§ **What you have to do**: All of the data should be output character for character, except the pictures.

§ **Short descriptive text snippets**:
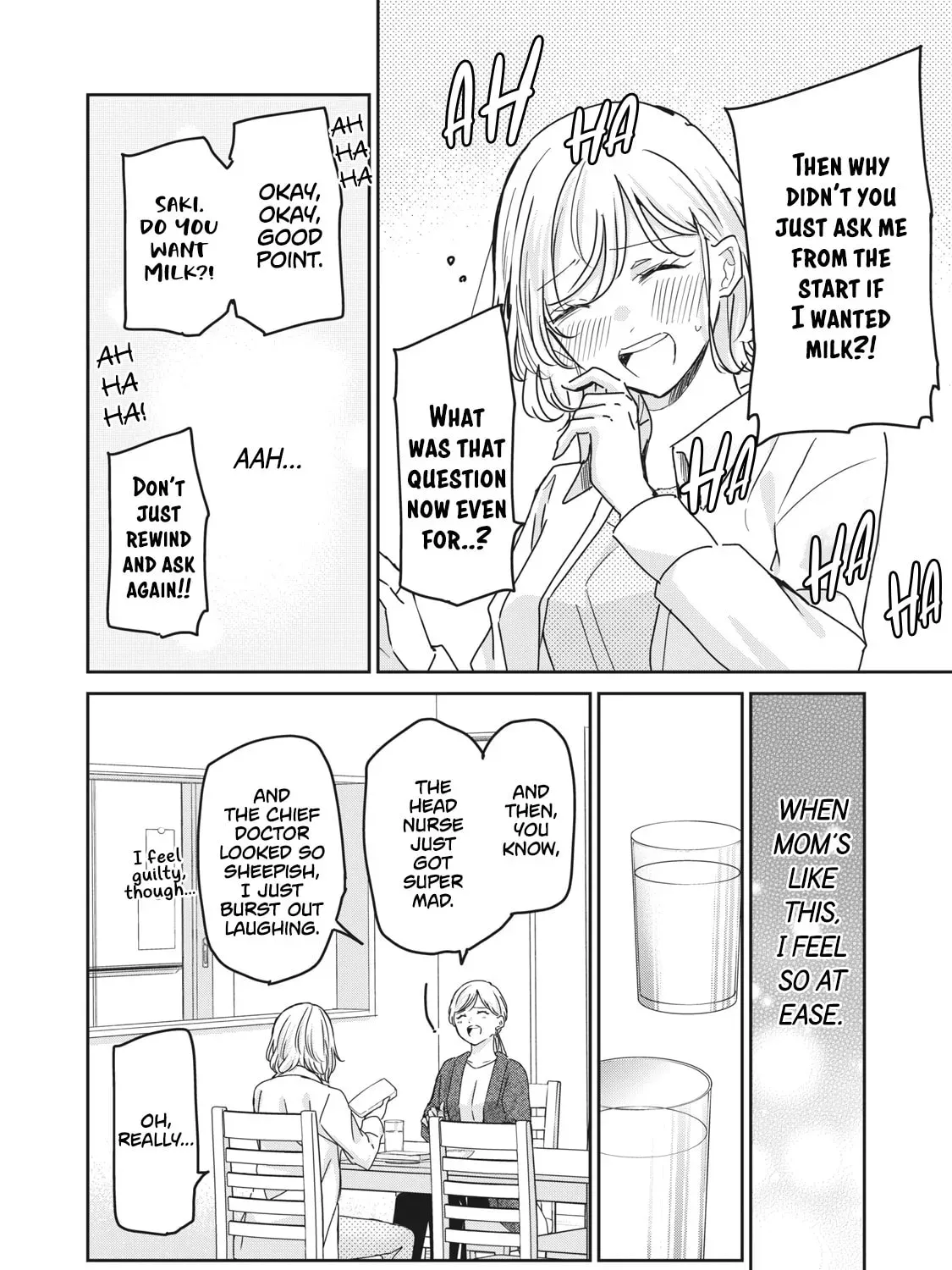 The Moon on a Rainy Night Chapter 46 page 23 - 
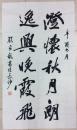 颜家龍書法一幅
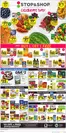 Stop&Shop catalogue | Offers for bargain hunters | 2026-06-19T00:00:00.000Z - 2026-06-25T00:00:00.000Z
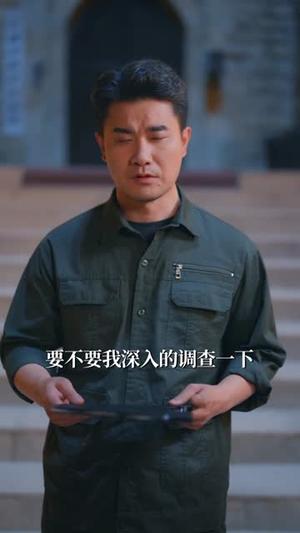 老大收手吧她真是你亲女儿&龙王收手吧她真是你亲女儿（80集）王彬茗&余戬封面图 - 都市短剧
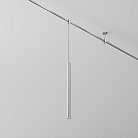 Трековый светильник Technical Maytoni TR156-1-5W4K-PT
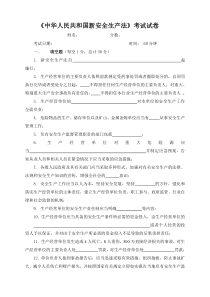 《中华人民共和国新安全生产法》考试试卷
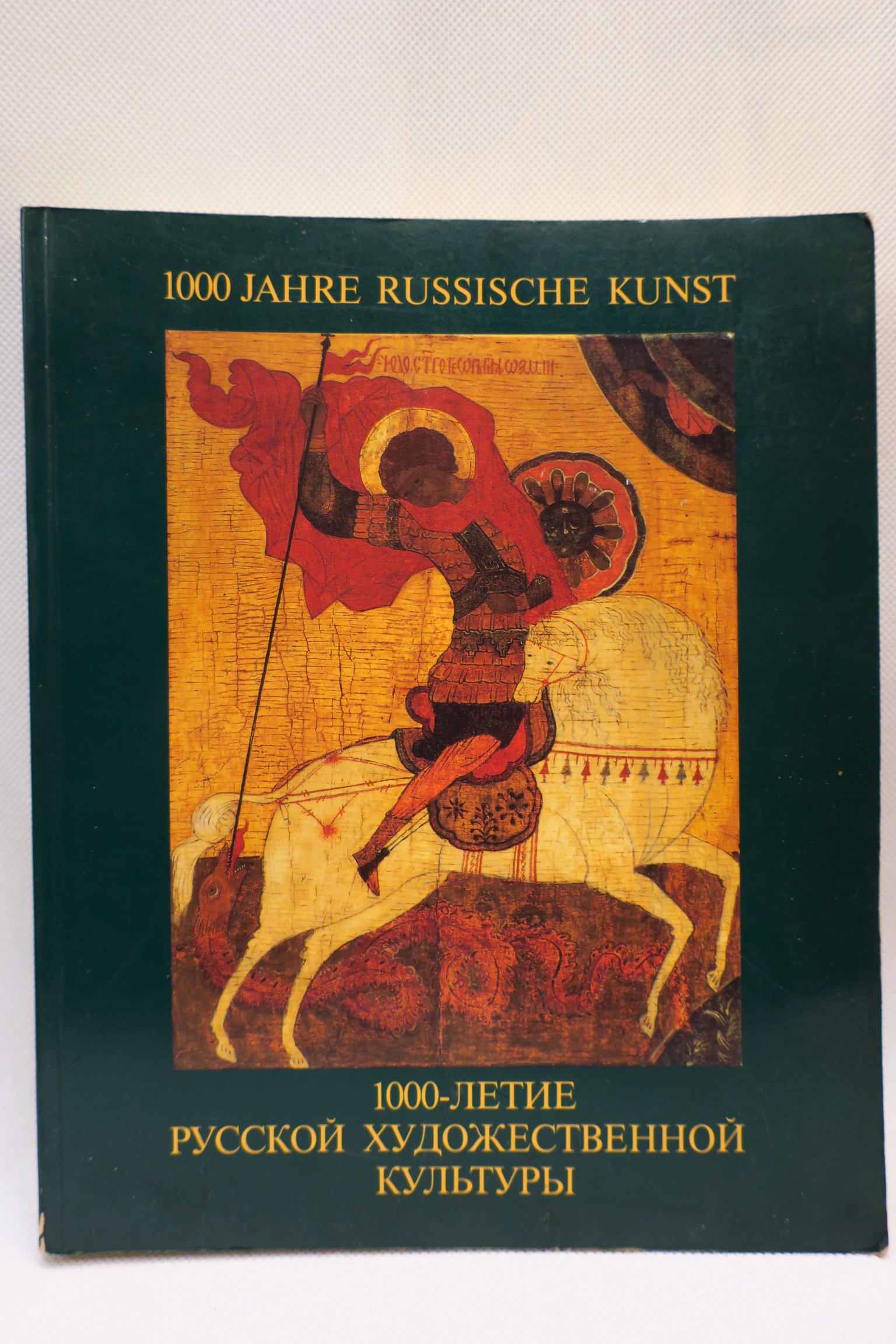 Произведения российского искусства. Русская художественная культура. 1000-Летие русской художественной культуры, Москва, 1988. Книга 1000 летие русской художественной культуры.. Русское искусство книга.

§ **Answer to the exercise**:
 The Moon on a Rainy Night Chapter 46 page 23 - 
 颜家龍書法一幅
 Stop&Shop catalogue | Offers for bargain hunters | 2026-06-19T00:00:00.000Z - 2026-06-25T00:00:00.000Z
 老大收手吧她真是你亲女儿&龙王收手吧她真是你亲女儿（80集）王彬茗&余戬封面图 - 都市短剧
 Трековый светильник Technical Maytoni TR156-1-5W4K-PT
 《中华人民共和国新安全生产法》考试试卷
 Произведения российского искусства. Русская художественная культура. 1000-Летие русской художественной культуры, Москва, 1988. Книга 1000 летие русской художественной культуры.. Русское искусство книга.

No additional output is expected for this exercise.